# [Records for this task]
========================================
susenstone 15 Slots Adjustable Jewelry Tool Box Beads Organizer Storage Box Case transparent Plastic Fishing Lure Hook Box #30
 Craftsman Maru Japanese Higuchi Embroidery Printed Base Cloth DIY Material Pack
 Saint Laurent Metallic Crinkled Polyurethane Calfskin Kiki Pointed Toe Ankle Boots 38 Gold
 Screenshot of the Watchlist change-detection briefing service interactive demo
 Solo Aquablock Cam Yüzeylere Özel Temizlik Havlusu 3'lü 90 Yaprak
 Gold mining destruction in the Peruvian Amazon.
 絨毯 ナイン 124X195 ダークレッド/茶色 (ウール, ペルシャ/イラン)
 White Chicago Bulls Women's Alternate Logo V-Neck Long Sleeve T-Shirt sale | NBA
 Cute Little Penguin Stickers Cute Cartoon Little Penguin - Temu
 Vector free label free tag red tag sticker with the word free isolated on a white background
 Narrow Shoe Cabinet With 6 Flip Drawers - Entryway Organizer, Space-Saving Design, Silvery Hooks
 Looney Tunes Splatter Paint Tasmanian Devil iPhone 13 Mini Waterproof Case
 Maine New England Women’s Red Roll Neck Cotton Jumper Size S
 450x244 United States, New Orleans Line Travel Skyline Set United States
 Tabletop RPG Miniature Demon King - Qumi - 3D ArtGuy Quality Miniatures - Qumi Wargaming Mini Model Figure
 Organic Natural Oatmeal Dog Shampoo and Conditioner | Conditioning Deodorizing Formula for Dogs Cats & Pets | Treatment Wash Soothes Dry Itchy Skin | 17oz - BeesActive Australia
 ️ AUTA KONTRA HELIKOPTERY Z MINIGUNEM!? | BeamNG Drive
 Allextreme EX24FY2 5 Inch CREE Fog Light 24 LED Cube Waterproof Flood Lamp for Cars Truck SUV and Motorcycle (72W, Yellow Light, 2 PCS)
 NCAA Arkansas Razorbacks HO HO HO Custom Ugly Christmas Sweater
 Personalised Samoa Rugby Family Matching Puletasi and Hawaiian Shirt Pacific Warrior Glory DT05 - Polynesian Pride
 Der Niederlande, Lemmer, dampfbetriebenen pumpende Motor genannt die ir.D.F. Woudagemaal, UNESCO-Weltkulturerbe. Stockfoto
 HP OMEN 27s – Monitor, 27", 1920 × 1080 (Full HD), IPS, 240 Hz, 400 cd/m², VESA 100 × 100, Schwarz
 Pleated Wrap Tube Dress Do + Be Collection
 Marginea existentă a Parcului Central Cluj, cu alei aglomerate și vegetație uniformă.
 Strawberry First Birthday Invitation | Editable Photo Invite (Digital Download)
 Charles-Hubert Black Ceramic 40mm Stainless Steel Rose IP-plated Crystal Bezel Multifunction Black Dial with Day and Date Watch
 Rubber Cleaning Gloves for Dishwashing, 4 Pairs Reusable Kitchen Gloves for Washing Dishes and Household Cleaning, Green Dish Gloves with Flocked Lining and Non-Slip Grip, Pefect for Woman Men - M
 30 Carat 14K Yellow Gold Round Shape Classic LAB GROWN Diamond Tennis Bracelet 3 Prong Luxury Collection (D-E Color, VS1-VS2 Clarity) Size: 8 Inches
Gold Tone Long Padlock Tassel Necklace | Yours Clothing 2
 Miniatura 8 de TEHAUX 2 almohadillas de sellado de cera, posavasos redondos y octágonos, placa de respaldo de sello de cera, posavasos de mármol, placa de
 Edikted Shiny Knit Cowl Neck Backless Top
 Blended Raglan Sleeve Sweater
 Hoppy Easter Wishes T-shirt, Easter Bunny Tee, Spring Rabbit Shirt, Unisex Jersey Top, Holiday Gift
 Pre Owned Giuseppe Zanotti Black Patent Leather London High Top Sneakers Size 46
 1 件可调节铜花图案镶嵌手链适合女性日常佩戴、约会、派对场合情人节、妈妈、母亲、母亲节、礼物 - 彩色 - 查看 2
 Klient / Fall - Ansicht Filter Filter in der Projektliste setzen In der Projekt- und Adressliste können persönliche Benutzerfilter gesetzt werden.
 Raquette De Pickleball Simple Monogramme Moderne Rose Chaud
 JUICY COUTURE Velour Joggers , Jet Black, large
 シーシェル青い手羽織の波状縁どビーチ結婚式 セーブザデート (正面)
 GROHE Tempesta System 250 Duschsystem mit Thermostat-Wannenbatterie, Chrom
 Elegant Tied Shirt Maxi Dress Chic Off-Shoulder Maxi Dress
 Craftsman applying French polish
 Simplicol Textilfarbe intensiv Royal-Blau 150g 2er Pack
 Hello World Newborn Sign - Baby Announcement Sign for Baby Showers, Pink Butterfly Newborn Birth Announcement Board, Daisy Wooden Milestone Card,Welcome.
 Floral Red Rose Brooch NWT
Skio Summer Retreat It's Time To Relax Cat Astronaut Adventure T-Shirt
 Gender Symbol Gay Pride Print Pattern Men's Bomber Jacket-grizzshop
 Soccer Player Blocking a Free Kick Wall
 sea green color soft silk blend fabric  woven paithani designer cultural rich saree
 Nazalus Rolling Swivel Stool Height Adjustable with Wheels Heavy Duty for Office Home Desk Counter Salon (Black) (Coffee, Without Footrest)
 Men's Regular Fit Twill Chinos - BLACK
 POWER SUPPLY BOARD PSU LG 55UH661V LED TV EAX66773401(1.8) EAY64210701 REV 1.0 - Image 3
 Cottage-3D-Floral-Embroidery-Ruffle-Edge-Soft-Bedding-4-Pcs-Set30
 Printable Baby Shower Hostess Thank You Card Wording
========================================
# [Try it]
Return exactly the lines in the records above, beginning with the one that holds "Craftsman applying French polish" and ending with the last.

# [Result of this task]
 Craftsman applying French polish
 Simplicol Textilfarbe intensiv Royal-Blau 150g 2er Pack
 Hello World Newborn Sign - Baby Announcement Sign for Baby Showers, Pink Butterfly Newborn Birth Announcement Board, Daisy Wooden Milestone Card,Welcome.
 Floral Red Rose Brooch NWT
Skio Summer Retreat It's Time To Relax Cat Astronaut Adventure T-Shirt
 Gender Symbol Gay Pride Print Pattern Men's Bomber Jacket-grizzshop
 Soccer Player Blocking a Free Kick Wall
 sea green color soft silk blend fabric  woven paithani designer cultural rich saree
 Nazalus Rolling Swivel Stool Height Adjustable with Wheels Heavy Duty for Office Home Desk Counter Salon (Black) (Coffee, Without Footrest)
 Men's Regular Fit Twill Chinos - BLACK
 POWER SUPPLY BOARD PSU LG 55UH661V LED TV EAX66773401(1.8) EAY64210701 REV 1.0 - Image 3
 Cottage-3D-Floral-Embroidery-Ruffle-Edge-Soft-Bedding-4-Pcs-Set30
 Printable Baby Shower Hostess Thank You Card Wording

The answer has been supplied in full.